Home Forums OpenEars Sentences, Word Order and Pauses Reply To: Sentences, Word Order and Pauses

Halle Winkler

There isn’t an answer in the form of “it’s 20% more likely” because it is dependent on the overall number of words as well as how many composed phrases were submitted to be turned into a language model. But I can tell you what is happening under the hood.

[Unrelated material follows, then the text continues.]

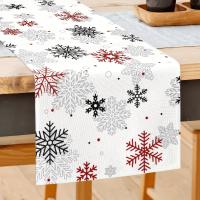 1pc Telar De Lino Caminante De Navidad Feliz Patrón De Copo De Nieve Decoración Para Mesa De Boda Accesorios De Fiesta De Vacaciones - details 1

Pocketsphinx as used by OpenEars takes into account unigrams (single words) bigrams (word pairs) and trigrams (word triplets) in language models. These are indicated in the language model as 1-gram, 2-gram and 3-gram and are collectively referred to as n-grams. When a set of individual words are submitted (meaning no composed phrases at all, just single words by themselves), the likelihood of each bigram and trigram is equal, meaning that all combinations of the words that can be expressed as a pair or a triplet are equally likely. When a phrase is submitted (taking yours as an example), every bigram and trigram that occurs within the phrase is more likely than word bigrams and trigrams composed of word combinations which do not appear within the phrase. The and symbols, indicating the beginning and end of an utterance, are also taken into account for probabilities so they appear in all of the n-gram sets. They are added automatically; you don’t do anything about them.

With this information in mind about how it is working, it should be possible for you to construct a test which answers your question for the specific app you are developing, which I can’t really advise you about from the info in the description.